• Exercise description: Produce an exact transcription of the data, with the images left out.

Captioned web image data

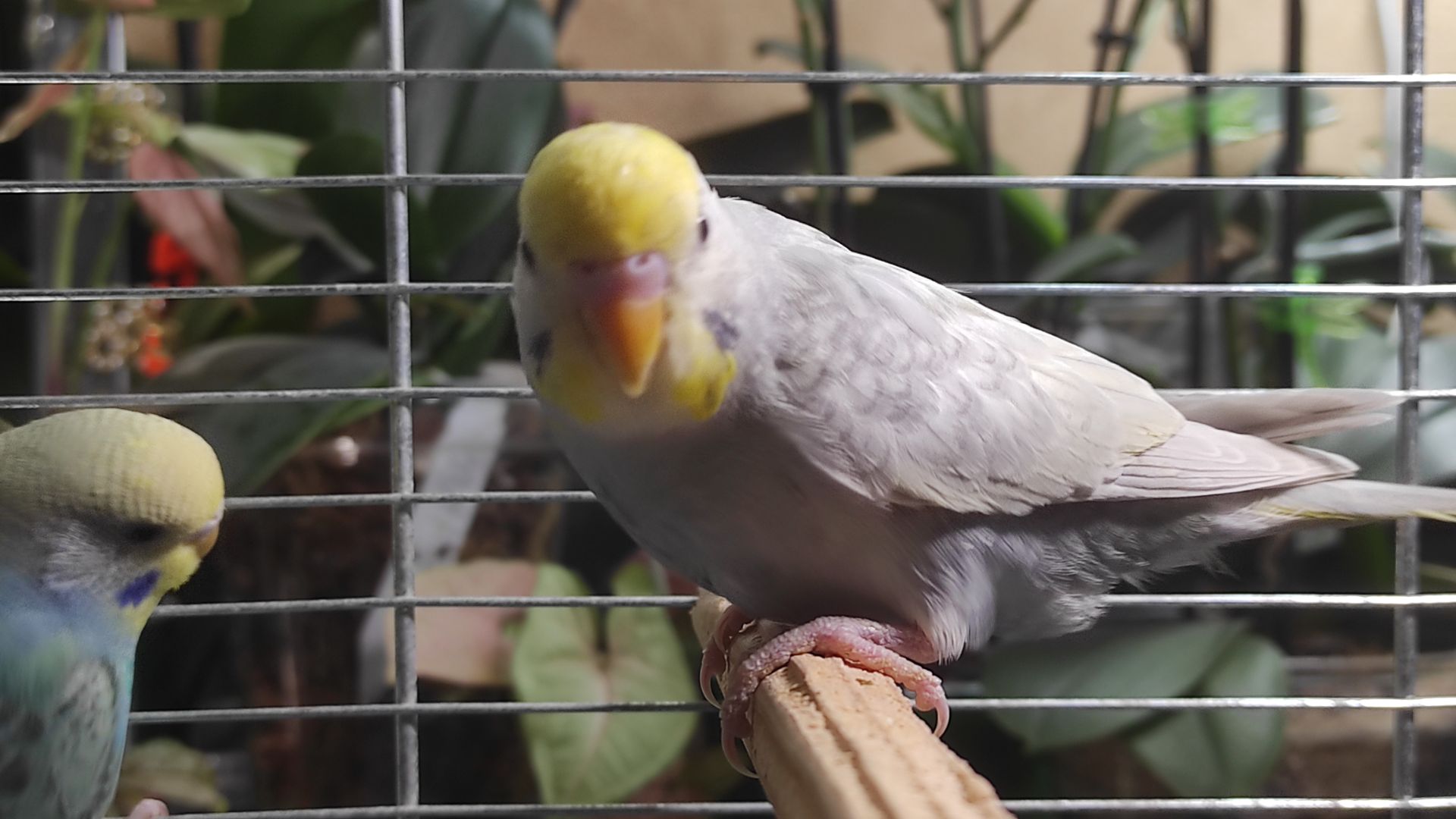 Радужные волнистые попугайчики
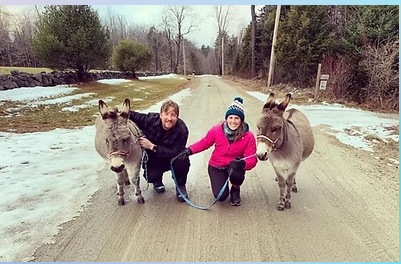 Bark and Bray Farm Animal Sanctuary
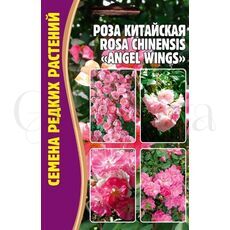Роза китайская (Rosa chinensis) Angel Wings  10 шт РЕДКИЕ СЕМЕНА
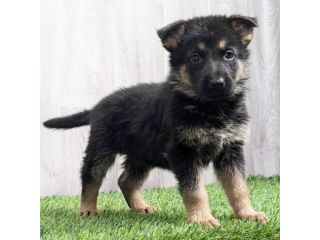 Cuccioli di Pastore Tedesco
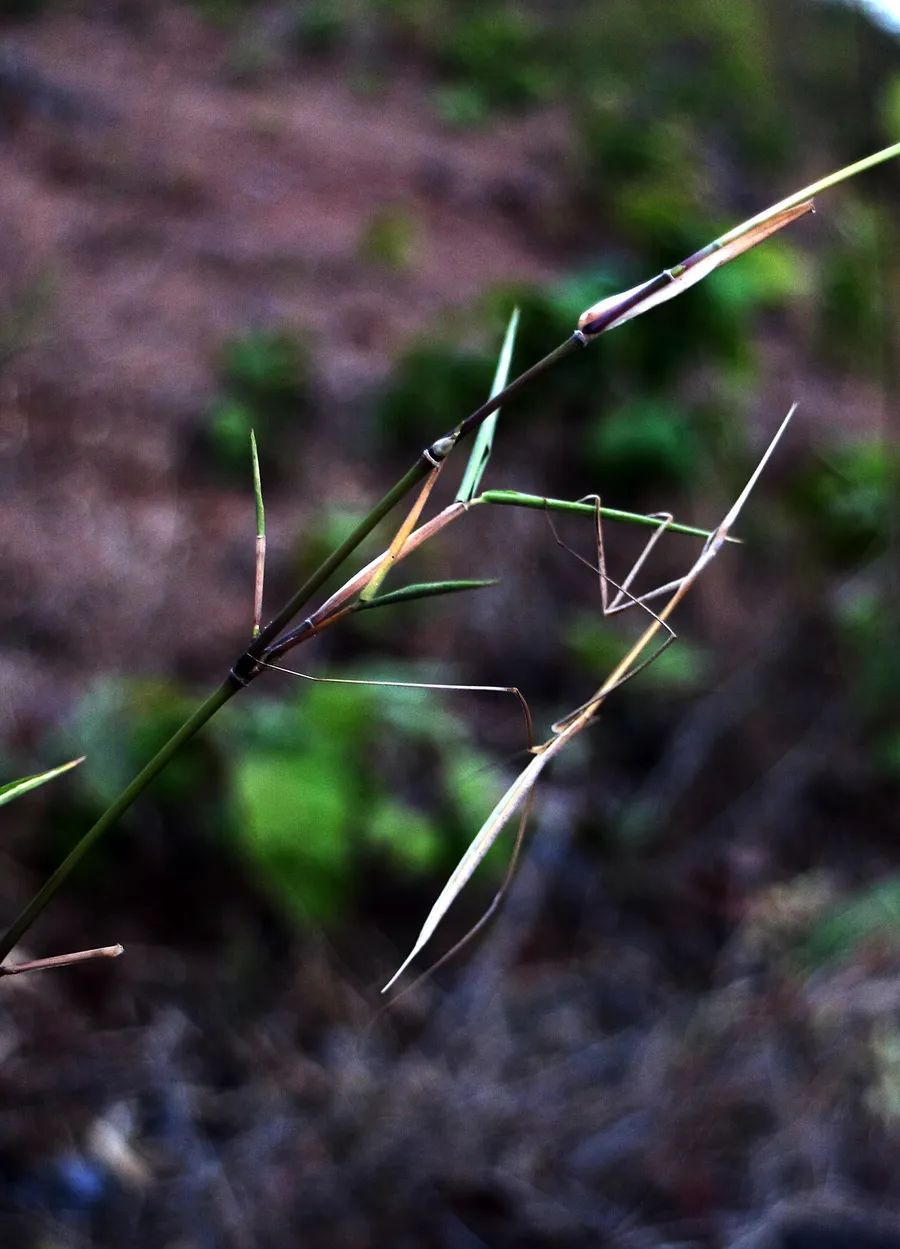 A stick insect blending in perfectly with a thin brown twig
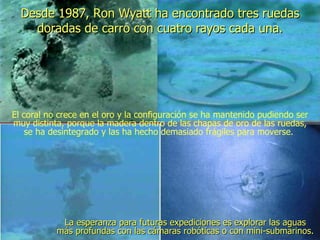 Desde 1987, Ron Wyatt ha encontrado tres ruedas doradas de carro con cuatro rayos cada una. El coral no crece en el oro y la configuración se ha mantenido pudiendo ser muy distinta, porque la madera dentro de las chapas de oro de las ruedas, se ha desintegrado y las ha hecho demasiado frágiles para moverse.  La esperanza para futuras expediciones es explorar las aguas más profundas con las cámaras robóticas o con mini-submarinos.   .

• Result of the task:
 Радужные волнистые попугайчики
 Bark and Bray Farm Animal Sanctuary
Роза китайская (Rosa chinensis) Angel Wings  10 шт РЕДКИЕ СЕМЕНА
 Cuccioli di Pastore Tedesco
 A stick insect blending in perfectly with a thin brown twig
 Desde 1987, Ron Wyatt ha encontrado tres ruedas doradas de carro con cuatro rayos cada una. El coral no crece en el oro y la configuración se ha mantenido pudiendo ser muy distinta, porque la madera dentro de las chapas de oro de las ruedas, se ha desintegrado y las ha hecho demasiado frágiles para moverse.  La esperanza para futuras expediciones es explorar las aguas más profundas con las cámaras robóticas o con mini-submarinos.   .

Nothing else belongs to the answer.